Google is using AI techniques to improve language translation
Google says it’s made progress toward improving translation quality for languages that don’t have a copious amount of written text. In a blog post published today, the company detailed new innovations that have enhanced the user experience in the 108 languages (particularly in data-poor languages Yoruba and Malayalam) supported by Google Translate, its service that translates an average of 150 billion words daily.
In the 13 years since the public debut of Google Translate, techniques like neural machine translation, rewriting-based paradigms, and on-device processing have led to quantifiable leaps in the platform’s translation accuracy. But until recently, even the state-of-the-art algorithms underpinning Translate lagged behind human performance. Efforts beyond Google illustrate the magnitude of the problem — the Masakhane project, which aims to render thousands of languages on the African continent automatically translatable, has yet to move beyond the data-gathering and transcription phase. And Common Voice, Mozilla’s effort to build an open source collection of transcribed speech data, has vetted only 40 voices since its June 2017 launch.

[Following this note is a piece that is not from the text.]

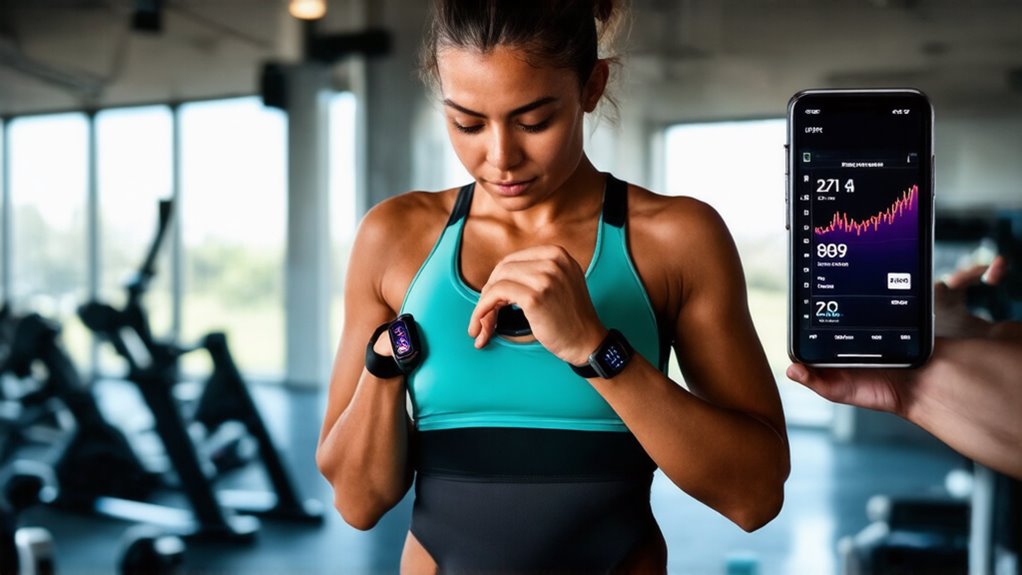 tech tools for fitness tracking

Google says its translation breakthroughs weren’t driven by a single technology, but rather a combination of technologies targeting low-resource languages, high-resource languages, general quality, latency, and overall inference speed. Between May 2019 and May 2020, as measured by human evaluations and BLEU, a metric based on the similarity between a system’s translation and human reference translations, Translate improved an average of 5 or more points across all languages and 7 or more across the 50 lowest-resource languages. Moreover, Google says that Translate has become more robust to machine translation hallucination, a phenomenon in which AI models produce strange “translations” when given nonsense input (such as “Shenzhen Shenzhen Shaw International Airport (SSH)” for the Telugu characters “ష ష ష ష ష ష ష ష ష ష ష ష ష ష ష,” which mean “Sh sh sh sh sh sh sh sh sh sh sh sh sh sh sh sh sh”).
Hybrid models and data miners
The first of these technologies is a translation model architecture — a hybrid architecture consisting of a Transformer encoder and a recurrent neural network (RNN) decoder implemented in Lingvo, a TensorFlow framework for sequence modeling.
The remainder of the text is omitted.